An Overview of Thrift Institutions
There are three major types of depository institutions in the United States: commercial banks, thrifts (which include savings and loan associations and savings banks), and credit unions. Financial deregulation has blurred most of the functional and philosophical distinctions, but they still differ in specialization and emphasis, and in their regulatory and supervisory structures.
Commercial banks are the department stores of the financial services world. Thrift institutions and credit unions are more like specialty shops that, over time, have expanded their lines of business to better compete for market share.
While credit unions are sometimes considered thrift institutions, there is one important distinction: depository insurance. Thrifts and commercial banks are covered by FDIC, credit unions are covered by NCUA, though both are covered to the same limit per financial institution.
A thrift institution is a financial institution formed primarily to accept consumer deposits and make home mortgages. Thrifts are generally smaller, local institutions and don't have the reach or resources of a large national bank. The primary types of thrift institutions are mutual banks and savings and loan associations.
Thrift institutions often pay out more in dividends (interest) than do traditional financial institutions and have access to lower-cost funds from organizations like Federal Home Loan Banks. Thrift institutions are more community-focused than other types of financial institutions and tend to focus more on consumers than businesses. By law, thrifts must have 65% of their lending portfolio tied up in consumer loans. Since financial services have become increasingly deregulated, thrift institutions have been able to offer more services to businesses, however.
Thrifts offer customers many of the same deposit products you can get at a bank, such as checking accounts, savings accounts, and certificates of deposit, as well as credit products such as home and auto loans and credit cards.

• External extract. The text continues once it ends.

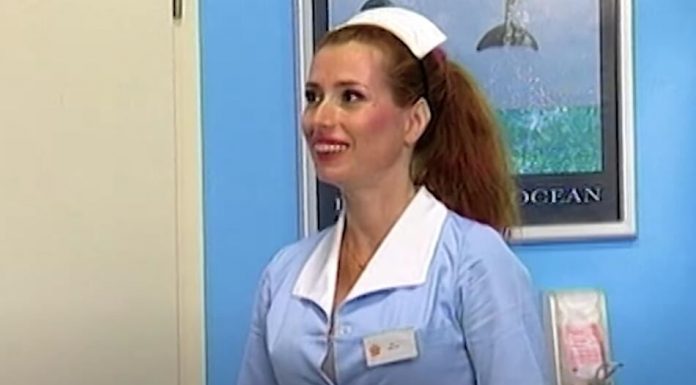 Svi su ludeli za zgodnom sestrom iz “Naše male klinike”, a ona ljubila ovog pevača: U 6. deceniji po izgledu niko ne može da joj priđe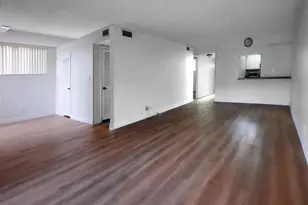 9420 S Hollybrook Lake Dr, Pembroke Pines, FL 33025 - Photo 5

Thrift institutions first opened amid the economic change and social upheaval of the Industrial Revolution. Profit was not their primary concern. Their main goal was to give working people a secure place to set aside some money for “a rainy day.” Most were founded and managed by public-spirited citizens of means who understood the ways of finance and were eager to help working-class people.
Millions of Americans in the postwar era bought homes with loans from thrifts; at one point in the postwar period, they were making the majority of mortgages in the U.S. That changed with the deregulation of the financial services industry, followed by a wave of failures in the 1980s.
From a consumer perspective, thrifts do have a big advantage over banks: higher interest on customers' savings.
These days, the lines between thrifts and conventional banks have blurred. Savings and loan associations are moving more into commercial lending and construction, and an increasing number are converting to conventional banks.
Also, many of the advantages thrifts used to get, including less stringent regulation, have been eliminated over the years, most recently by the Dodd-Frank financial reform law. It is a rapidly consolidating industry overall. Thrifts may be harder to find in the future.